Hacker News new | ask | show | jobs
by agentS 4153 days ago
A binary protocol's parsing is usually something like read 2 bytes from the wire, decode N = uint16(b[0] << 8) | uint16(b[1]), then read N bytes from the wire. A text-based protocol's parsing almost always involves a streaming parser, which is tricky to get correct, and always more inefficient.

Besides, I think this is a moot point, because chances are that less than 100 people's HTTP2 implementations will serve 99.9999% of traffic. It's not like you or I spend much of our time deep in nginx's code debugging some HTTP parsing; I think its just as unlikely we'll be doing that for HTTP2 parsing.

Also, HTTP2 will always (pretty much) be wrapped in TLS. So its not like you're going to be looking at a plain-text dump of that. You'll be using a tool and that tool author will implement a way to convert the binary framing to human-readable text.

Another way to put it is that the vast majority of HTTP streams are not examined by humans and only examined by computers. Choosing a text-based protocol just seems a way to adversely impact the performance of every single user's web-browsing.

Another another way to put it is that there is a reason that Thrift, Protocol Buffers, and other common RPC mechanisms do not use a text-based protocol. Nor do IP, TCP, or UDP, for that matter. And there's a reason that Memcached was updated with a binary protocol even though it had a perfectly serviceable text-based protocol.

1 comments

Agreed on all points. Binary protocols are no doubt better, faster, more efficient and more precise. I use reliable UDP all the time in game server/clients. Multiplayer games have to be efficient, TCP is even too slow for real-time gaming.

Binary protocols work wonderfully... when you control both endpoints, the client and the server.

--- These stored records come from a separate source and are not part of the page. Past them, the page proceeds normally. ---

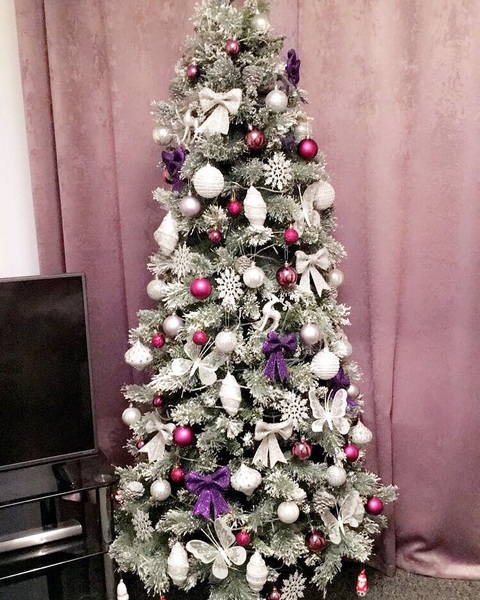 Show Us Your TREES!
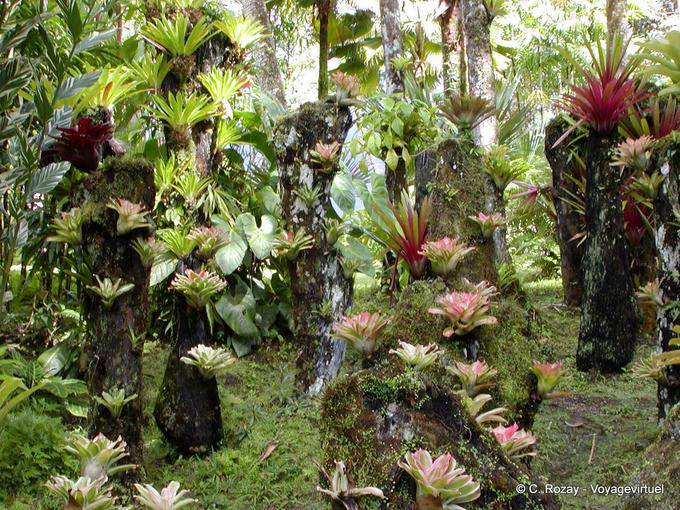 Epiphyten, Polypodiaceae Sammlung suspendiert, Garten Balata - Martinique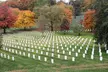 Visit Arlington National Cemetery with one of DC's best guides! - Second Medium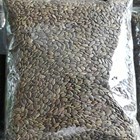 Bibit Benih Sengon Solomon 500 gram. 3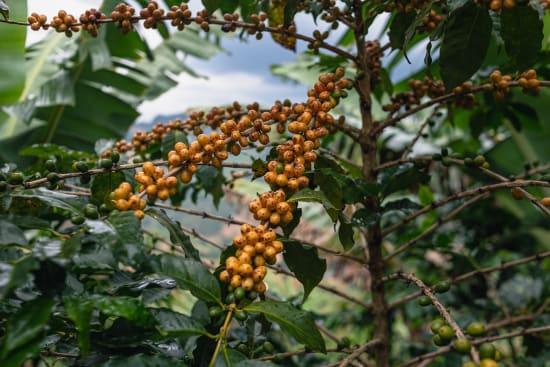 Brazil Serra Negra Natural – Medium Roast | Good Brothers Coffee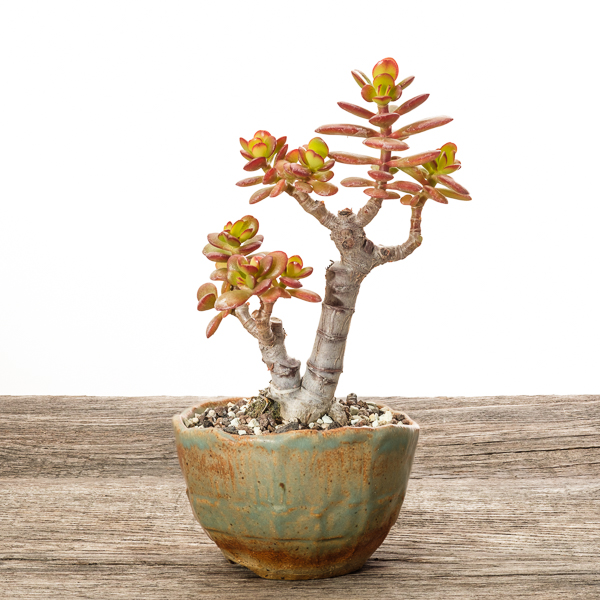 Crassula ovata var. minor #1 - 2018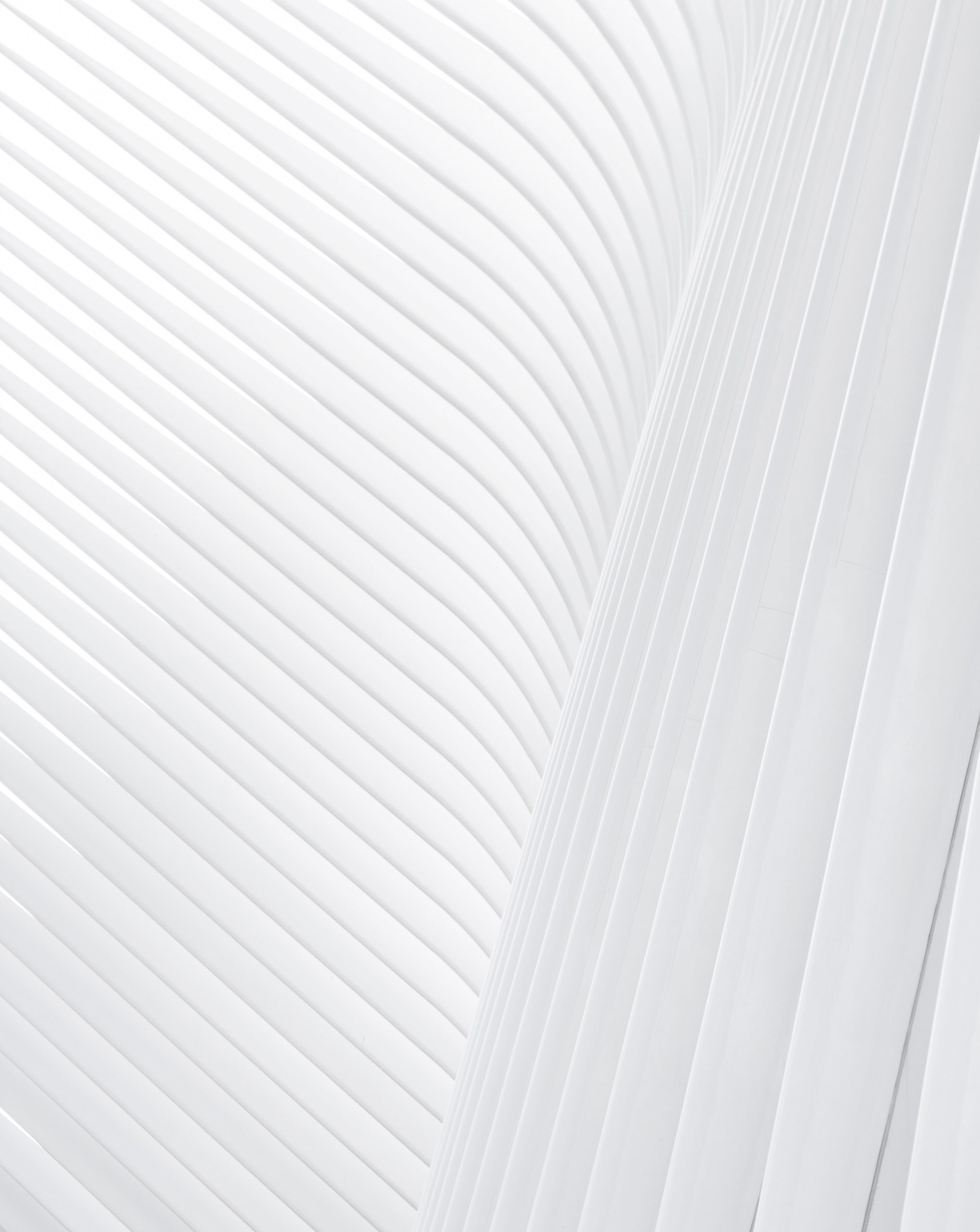Arquitetura wallpaper, White stripe pattern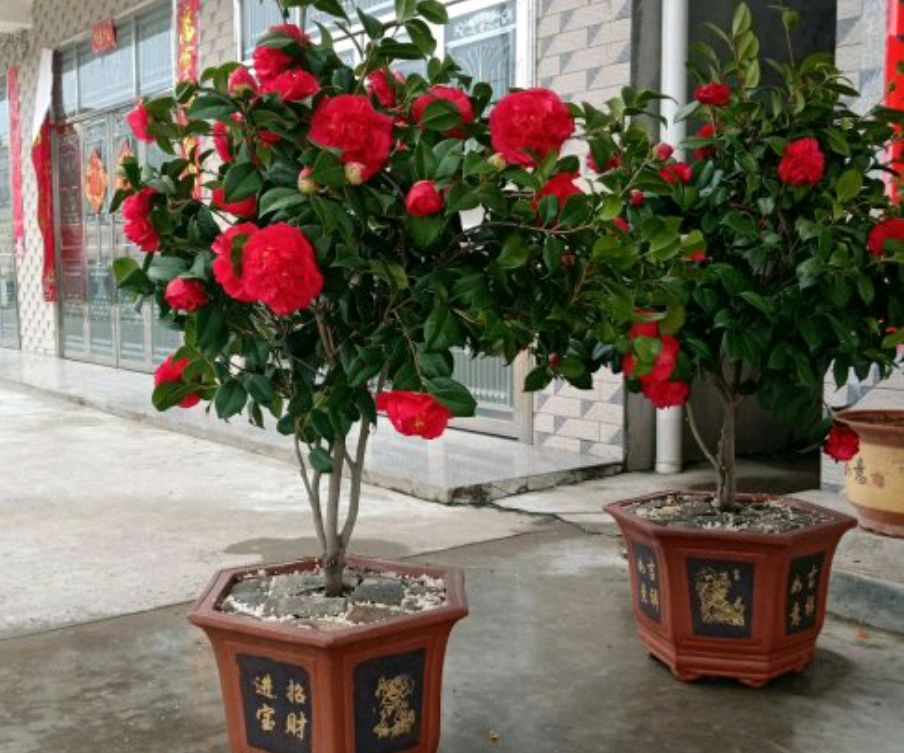 茶花烂根处理发芽后管理,茶花盆栽不长怎么办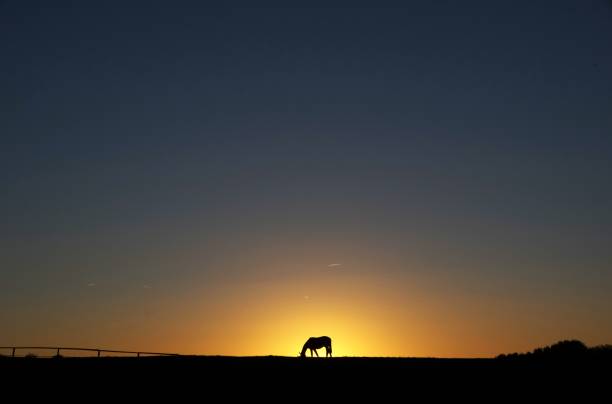 istock Horse at the horizon 1141031569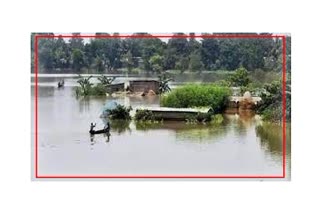 assam-floods-11-lakh-remain-affected-total-deaths-reach-184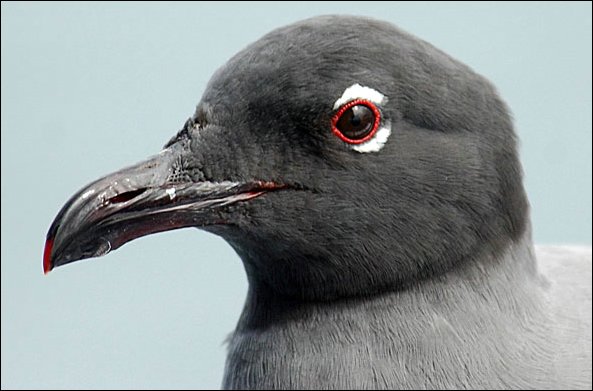 weblavagull7.jpg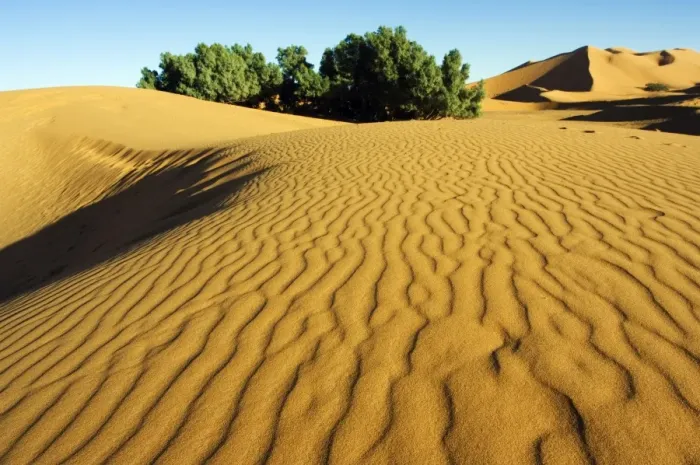 Framed Print : Morocco Merzouga Erg Chebbi Sand Dunes Ripple Framed Print : Morocco Merzouga Erg Chebbi Sand Dunes Ripple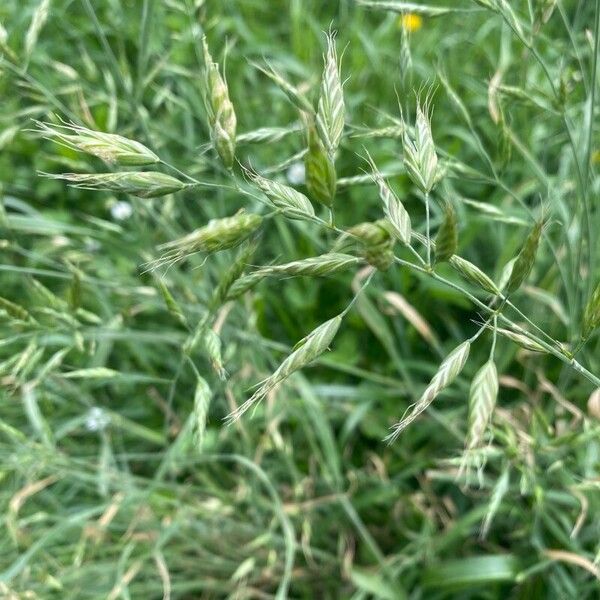 Bromus secalinus Liść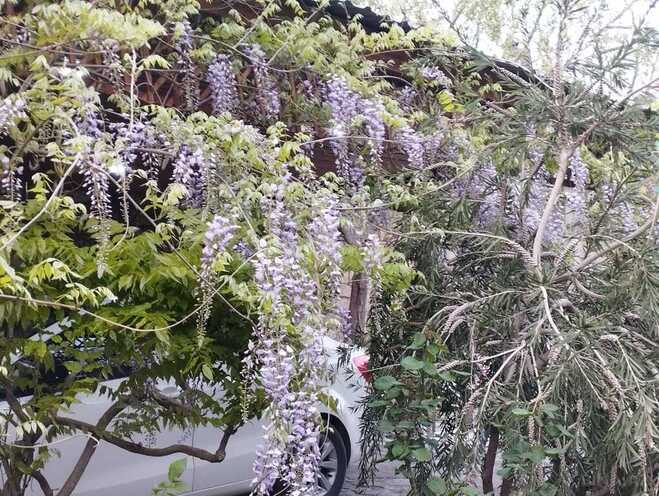 Продаётся 5-комн. дом/дача 300 м², пос. Мардакан, photo 19 from 21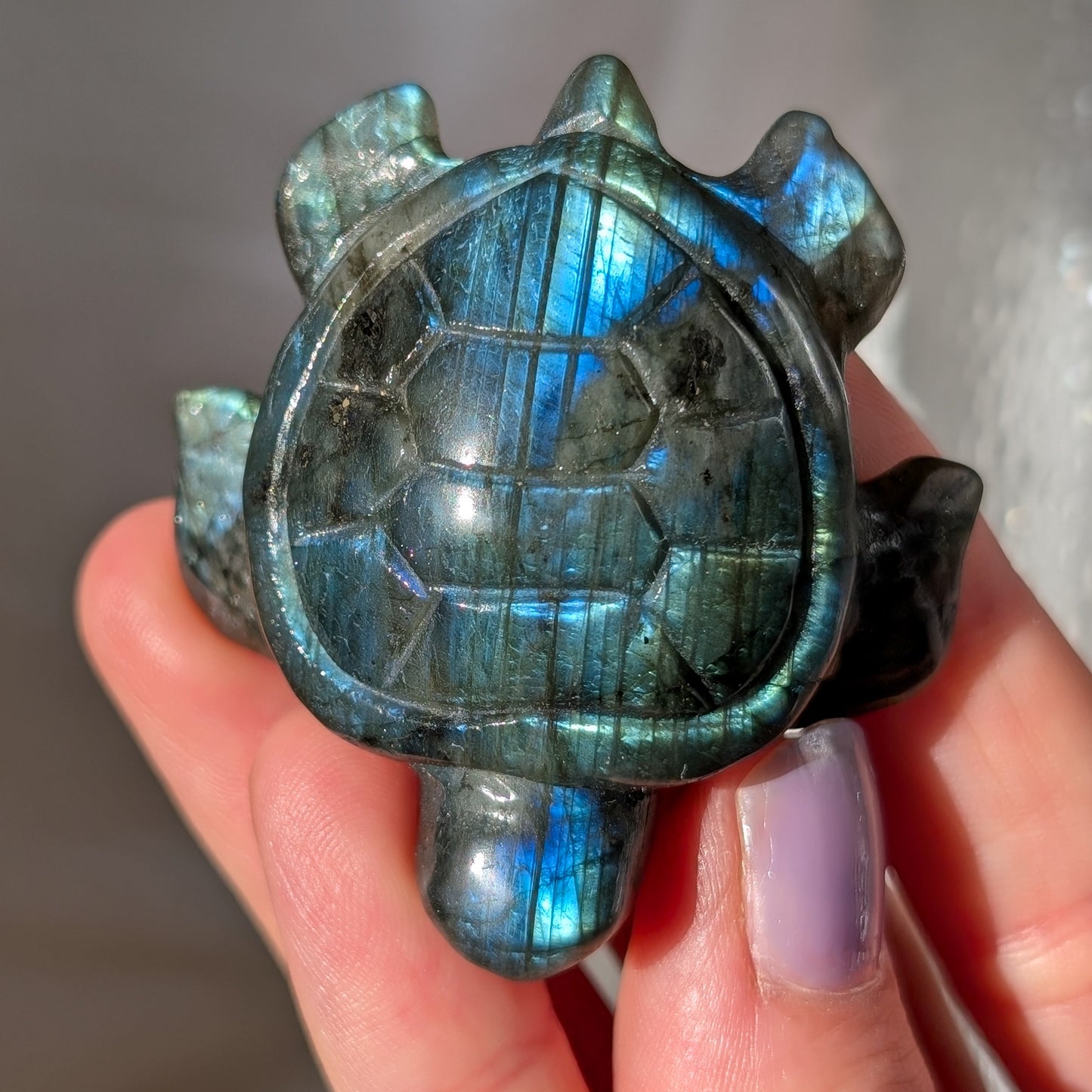 Labradorit Schildkröte mit Flash [BO]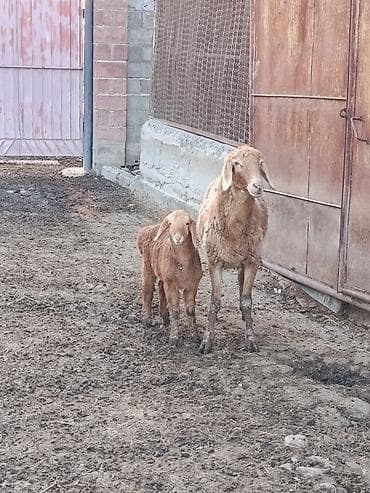 дом для животных: Продаю | Овца (самка) | Для разведения | Матка — 4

When you don't control both endpoints is where interoperability breaks down. Efficiency and exactness can be enemies of interoperability at times, we currently use very forgiving systems instead of throwing them out and assert crash dump upon communication error. Network data is a form of communication.

Maybe you are right, since it is binary, only a few hundred implementations might be made and those will be made by better engineers since it is more complex. Maybe HTTP is really a lower level protocol like TCP/UDP etc now. Maybe since Google controls Chrome and the browser lead and has enough engineers to ensure all leading implementations and OSs/server libraries/webservers are correct then it may work out.

As engineers we want things to be exact, but there are always game bugs not found in testing and hidden new problems that we aren't weighing against the known current ones. Getting a something new is nice because all the old problems are gone, but there will be new problems!

It will be an all new experiment we try going away from text/MIME based to something more lower level, complex and exact over simple and interoperability focused. Let's see if the customers find any bugs in the release.

>Binary protocols work wonderfully... when you control both endpoints, the client and the server.

IP is all binary and I don't think it's a case of one party controlling all endpoints.